* [EXERCISE BRIEF] Please write out each entry below exactly as given.

———

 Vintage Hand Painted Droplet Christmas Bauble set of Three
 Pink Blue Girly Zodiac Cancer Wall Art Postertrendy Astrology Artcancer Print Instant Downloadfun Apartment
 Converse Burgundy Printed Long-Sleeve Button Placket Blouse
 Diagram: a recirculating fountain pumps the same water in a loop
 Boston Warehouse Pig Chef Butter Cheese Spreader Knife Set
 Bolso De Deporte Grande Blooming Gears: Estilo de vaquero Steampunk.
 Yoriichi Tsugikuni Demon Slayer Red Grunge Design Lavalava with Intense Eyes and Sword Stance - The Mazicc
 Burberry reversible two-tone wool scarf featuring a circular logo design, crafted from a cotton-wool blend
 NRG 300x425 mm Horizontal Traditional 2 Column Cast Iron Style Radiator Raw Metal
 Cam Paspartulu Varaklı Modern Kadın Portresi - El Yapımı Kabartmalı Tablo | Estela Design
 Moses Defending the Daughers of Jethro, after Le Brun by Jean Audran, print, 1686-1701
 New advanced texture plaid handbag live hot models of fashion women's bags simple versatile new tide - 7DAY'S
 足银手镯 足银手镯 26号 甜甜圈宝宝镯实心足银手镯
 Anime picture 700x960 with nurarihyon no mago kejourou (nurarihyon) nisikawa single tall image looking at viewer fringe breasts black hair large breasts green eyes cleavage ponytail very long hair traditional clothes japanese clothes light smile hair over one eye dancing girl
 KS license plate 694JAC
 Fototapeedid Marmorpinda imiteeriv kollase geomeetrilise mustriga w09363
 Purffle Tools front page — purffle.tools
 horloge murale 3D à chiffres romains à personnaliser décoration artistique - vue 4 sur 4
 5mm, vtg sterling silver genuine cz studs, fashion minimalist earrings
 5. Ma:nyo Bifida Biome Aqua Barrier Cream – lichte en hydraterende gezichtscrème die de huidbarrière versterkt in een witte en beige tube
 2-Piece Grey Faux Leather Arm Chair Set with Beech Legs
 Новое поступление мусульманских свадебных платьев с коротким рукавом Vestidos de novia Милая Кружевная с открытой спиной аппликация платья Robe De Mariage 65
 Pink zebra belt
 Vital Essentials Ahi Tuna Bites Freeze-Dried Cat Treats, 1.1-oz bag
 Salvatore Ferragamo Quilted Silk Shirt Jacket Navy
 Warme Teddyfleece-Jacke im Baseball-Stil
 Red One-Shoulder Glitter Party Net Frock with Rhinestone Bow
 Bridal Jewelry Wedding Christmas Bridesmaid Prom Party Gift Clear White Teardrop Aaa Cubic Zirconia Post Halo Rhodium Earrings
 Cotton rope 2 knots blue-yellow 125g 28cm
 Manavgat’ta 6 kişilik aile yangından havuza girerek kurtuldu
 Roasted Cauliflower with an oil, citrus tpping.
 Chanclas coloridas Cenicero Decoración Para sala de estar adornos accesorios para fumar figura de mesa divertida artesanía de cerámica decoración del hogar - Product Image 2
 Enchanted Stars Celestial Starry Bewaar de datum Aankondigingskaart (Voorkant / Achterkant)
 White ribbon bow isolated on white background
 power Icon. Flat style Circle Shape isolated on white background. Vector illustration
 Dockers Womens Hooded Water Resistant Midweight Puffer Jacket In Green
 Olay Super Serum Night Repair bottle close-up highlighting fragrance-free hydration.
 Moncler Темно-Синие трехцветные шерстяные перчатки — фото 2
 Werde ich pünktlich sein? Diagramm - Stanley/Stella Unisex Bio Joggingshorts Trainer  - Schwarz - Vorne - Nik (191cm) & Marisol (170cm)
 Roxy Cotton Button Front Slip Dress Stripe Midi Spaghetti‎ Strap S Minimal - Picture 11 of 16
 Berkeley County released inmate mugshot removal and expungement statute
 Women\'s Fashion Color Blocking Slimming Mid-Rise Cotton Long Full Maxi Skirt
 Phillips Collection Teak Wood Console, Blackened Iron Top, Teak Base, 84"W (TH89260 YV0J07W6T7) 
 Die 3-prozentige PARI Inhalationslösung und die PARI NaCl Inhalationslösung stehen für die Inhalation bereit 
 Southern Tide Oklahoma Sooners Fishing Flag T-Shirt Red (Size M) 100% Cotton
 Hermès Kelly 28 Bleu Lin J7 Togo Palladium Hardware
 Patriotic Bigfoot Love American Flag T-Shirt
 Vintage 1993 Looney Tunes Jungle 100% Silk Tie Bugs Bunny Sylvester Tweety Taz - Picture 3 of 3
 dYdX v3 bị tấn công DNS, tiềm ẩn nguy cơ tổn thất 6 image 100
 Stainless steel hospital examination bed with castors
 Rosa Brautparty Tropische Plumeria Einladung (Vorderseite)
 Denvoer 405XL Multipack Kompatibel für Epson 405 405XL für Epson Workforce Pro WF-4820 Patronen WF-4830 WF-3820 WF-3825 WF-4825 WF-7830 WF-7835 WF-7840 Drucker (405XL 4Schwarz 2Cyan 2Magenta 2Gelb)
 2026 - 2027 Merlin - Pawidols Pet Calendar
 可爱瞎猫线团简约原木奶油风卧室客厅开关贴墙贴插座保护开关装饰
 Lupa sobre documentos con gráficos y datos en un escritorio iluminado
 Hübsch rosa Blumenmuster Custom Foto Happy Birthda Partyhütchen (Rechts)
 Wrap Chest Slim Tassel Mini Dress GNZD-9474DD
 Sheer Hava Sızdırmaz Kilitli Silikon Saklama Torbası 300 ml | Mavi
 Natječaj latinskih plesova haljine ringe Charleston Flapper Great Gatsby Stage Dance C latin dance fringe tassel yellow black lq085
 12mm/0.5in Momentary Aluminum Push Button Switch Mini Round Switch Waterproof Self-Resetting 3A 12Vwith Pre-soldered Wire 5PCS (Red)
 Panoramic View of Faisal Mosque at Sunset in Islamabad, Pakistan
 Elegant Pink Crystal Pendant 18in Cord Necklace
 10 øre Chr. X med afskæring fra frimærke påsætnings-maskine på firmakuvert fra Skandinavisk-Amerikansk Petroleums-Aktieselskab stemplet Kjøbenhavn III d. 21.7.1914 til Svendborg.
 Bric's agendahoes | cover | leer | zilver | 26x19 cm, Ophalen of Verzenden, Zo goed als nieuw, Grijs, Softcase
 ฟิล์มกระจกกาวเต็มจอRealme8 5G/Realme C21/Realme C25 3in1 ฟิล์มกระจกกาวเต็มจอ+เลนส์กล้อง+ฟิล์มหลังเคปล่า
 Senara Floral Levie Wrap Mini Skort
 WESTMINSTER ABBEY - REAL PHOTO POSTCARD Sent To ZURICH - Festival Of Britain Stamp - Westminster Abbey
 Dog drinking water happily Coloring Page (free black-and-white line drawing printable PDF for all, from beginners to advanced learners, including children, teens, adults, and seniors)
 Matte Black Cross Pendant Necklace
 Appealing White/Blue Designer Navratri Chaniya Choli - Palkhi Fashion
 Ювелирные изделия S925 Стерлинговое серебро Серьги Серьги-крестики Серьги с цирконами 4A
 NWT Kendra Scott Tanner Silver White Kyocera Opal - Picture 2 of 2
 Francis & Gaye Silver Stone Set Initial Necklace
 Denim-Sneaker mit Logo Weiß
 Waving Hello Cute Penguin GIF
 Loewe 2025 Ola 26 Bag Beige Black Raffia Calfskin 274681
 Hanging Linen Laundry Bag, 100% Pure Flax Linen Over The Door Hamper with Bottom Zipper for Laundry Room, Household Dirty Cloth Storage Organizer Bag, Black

———

* [OUTPUT OF THE TASK]
 Vintage Hand Painted Droplet Christmas Bauble set of Three
 Pink Blue Girly Zodiac Cancer Wall Art Postertrendy Astrology Artcancer Print Instant Downloadfun Apartment
 Converse Burgundy Printed Long-Sleeve Button Placket Blouse
 Diagram: a recirculating fountain pumps the same water in a loop
 Boston Warehouse Pig Chef Butter Cheese Spreader Knife Set
 Bolso De Deporte Grande Blooming Gears: Estilo de vaquero Steampunk.
 Yoriichi Tsugikuni Demon Slayer Red Grunge Design Lavalava with Intense Eyes and Sword Stance - The Mazicc
 Burberry reversible two-tone wool scarf featuring a circular logo design, crafted from a cotton-wool blend
 NRG 300x425 mm Horizontal Traditional 2 Column Cast Iron Style Radiator Raw Metal
 Cam Paspartulu Varaklı Modern Kadın Portresi - El Yapımı Kabartmalı Tablo | Estela Design
 Moses Defending the Daughers of Jethro, after Le Brun by Jean Audran, print, 1686-1701
 New advanced texture plaid handbag live hot models of fashion women's bags simple versatile new tide - 7DAY'S
 足银手镯 足银手镯 26号 甜甜圈宝宝镯实心足银手镯
 Anime picture 700x960 with nurarihyon no mago kejourou (nurarihyon) nisikawa single tall image looking at viewer fringe breasts black hair large breasts green eyes cleavage ponytail very long hair traditional clothes japanese clothes light smile hair over one eye dancing girl
 KS license plate 694JAC
 Fototapeedid Marmorpinda imiteeriv kollase geomeetrilise mustriga w09363
 Purffle Tools front page — purffle.tools
 horloge murale 3D à chiffres romains à personnaliser décoration artistique - vue 4 sur 4
 5mm, vtg sterling silver genuine cz studs, fashion minimalist earrings
 5. Ma:nyo Bifida Biome Aqua Barrier Cream – lichte en hydraterende gezichtscrème die de huidbarrière versterkt in een witte en beige tube
 2-Piece Grey Faux Leather Arm Chair Set with Beech Legs
 Новое поступление мусульманских свадебных платьев с коротким рукавом Vestidos de novia Милая Кружевная с открытой спиной аппликация платья Robe De Mariage 65
 Pink zebra belt
 Vital Essentials Ahi Tuna Bites Freeze-Dried Cat Treats, 1.1-oz bag
 Salvatore Ferragamo Quilted Silk Shirt Jacket Navy
 Warme Teddyfleece-Jacke im Baseball-Stil
 Red One-Shoulder Glitter Party Net Frock with Rhinestone Bow
 Bridal Jewelry Wedding Christmas Bridesmaid Prom Party Gift Clear White Teardrop Aaa Cubic Zirconia Post Halo Rhodium Earrings
 Cotton rope 2 knots blue-yellow 125g 28cm
 Manavgat’ta 6 kişilik aile yangından havuza girerek kurtuldu
 Roasted Cauliflower with an oil, citrus tpping.
 Chanclas coloridas Cenicero Decoración Para sala de estar adornos accesorios para fumar figura de mesa divertida artesanía de cerámica decoración del hogar - Product Image 2
 Enchanted Stars Celestial Starry Bewaar de datum Aankondigingskaart (Voorkant / Achterkant)
 White ribbon bow isolated on white background
 power Icon. Flat style Circle Shape isolated on white background. Vector illustration
 Dockers Womens Hooded Water Resistant Midweight Puffer Jacket In Green
 Olay Super Serum Night Repair bottle close-up highlighting fragrance-free hydration.
 Moncler Темно-Синие трехцветные шерстяные перчатки — фото 2
 Werde ich pünktlich sein? Diagramm - Stanley/Stella Unisex Bio Joggingshorts Trainer  - Schwarz - Vorne - Nik (191cm) & Marisol (170cm)
 Roxy Cotton Button Front Slip Dress Stripe Midi Spaghetti‎ Strap S Minimal - Picture 11 of 16
 Berkeley County released inmate mugshot removal and expungement statute
 Women\'s Fashion Color Blocking Slimming Mid-Rise Cotton Long Full Maxi Skirt
 Phillips Collection Teak Wood Console, Blackened Iron Top, Teak Base, 84"W (TH89260 YV0J07W6T7) 
 Die 3-prozentige PARI Inhalationslösung und die PARI NaCl Inhalationslösung stehen für die Inhalation bereit 
 Southern Tide Oklahoma Sooners Fishing Flag T-Shirt Red (Size M) 100% Cotton
 Hermès Kelly 28 Bleu Lin J7 Togo Palladium Hardware
 Patriotic Bigfoot Love American Flag T-Shirt
 Vintage 1993 Looney Tunes Jungle 100% Silk Tie Bugs Bunny Sylvester Tweety Taz - Picture 3 of 3
 dYdX v3 bị tấn công DNS, tiềm ẩn nguy cơ tổn thất 6 image 100
 Stainless steel hospital examination bed with castors
 Rosa Brautparty Tropische Plumeria Einladung (Vorderseite)
 Denvoer 405XL Multipack Kompatibel für Epson 405 405XL für Epson Workforce Pro WF-4820 Patronen WF-4830 WF-3820 WF-3825 WF-4825 WF-7830 WF-7835 WF-7840 Drucker (405XL 4Schwarz 2Cyan 2Magenta 2Gelb)
 2026 - 2027 Merlin - Pawidols Pet Calendar
 可爱瞎猫线团简约原木奶油风卧室客厅开关贴墙贴插座保护开关装饰
 Lupa sobre documentos con gráficos y datos en un escritorio iluminado
 Hübsch rosa Blumenmuster Custom Foto Happy Birthda Partyhütchen (Rechts)
 Wrap Chest Slim Tassel Mini Dress GNZD-9474DD
 Sheer Hava Sızdırmaz Kilitli Silikon Saklama Torbası 300 ml | Mavi
 Natječaj latinskih plesova haljine ringe Charleston Flapper Great Gatsby Stage Dance C latin dance fringe tassel yellow black lq085
 12mm/0.5in Momentary Aluminum Push Button Switch Mini Round Switch Waterproof Self-Resetting 3A 12Vwith Pre-soldered Wire 5PCS (Red)
 Panoramic View of Faisal Mosque at Sunset in Islamabad, Pakistan
 Elegant Pink Crystal Pendant 18in Cord Necklace
 10 øre Chr. X med afskæring fra frimærke påsætnings-maskine på firmakuvert fra Skandinavisk-Amerikansk Petroleums-Aktieselskab stemplet Kjøbenhavn III d. 21.7.1914 til Svendborg.
 Bric's agendahoes | cover | leer | zilver | 26x19 cm, Ophalen of Verzenden, Zo goed als nieuw, Grijs, Softcase
 ฟิล์มกระจกกาวเต็มจอRealme8 5G/Realme C21/Realme C25 3in1 ฟิล์มกระจกกาวเต็มจอ+เลนส์กล้อง+ฟิล์มหลังเคปล่า
 Senara Floral Levie Wrap Mini Skort
 WESTMINSTER ABBEY - REAL PHOTO POSTCARD Sent To ZURICH - Festival Of Britain Stamp - Westminster Abbey
 Dog drinking water happily Coloring Page (free black-and-white line drawing printable PDF for all, from beginners to advanced learners, including children, teens, adults, and seniors)
 Matte Black Cross Pendant Necklace
 Appealing White/Blue Designer Navratri Chaniya Choli - Palkhi Fashion
 Ювелирные изделия S925 Стерлинговое серебро Серьги Серьги-крестики Серьги с цирконами 4A
 NWT Kendra Scott Tanner Silver White Kyocera Opal - Picture 2 of 2
 Francis & Gaye Silver Stone Set Initial Necklace
 Denim-Sneaker mit Logo Weiß
 Waving Hello Cute Penguin GIF
 Loewe 2025 Ola 26 Bag Beige Black Raffia Calfskin 274681
 Hanging Linen Laundry Bag, 100% Pure Flax Linen Over The Door Hamper with Bottom Zipper for Laundry Room, Household Dirty Cloth Storage Organizer Bag, Black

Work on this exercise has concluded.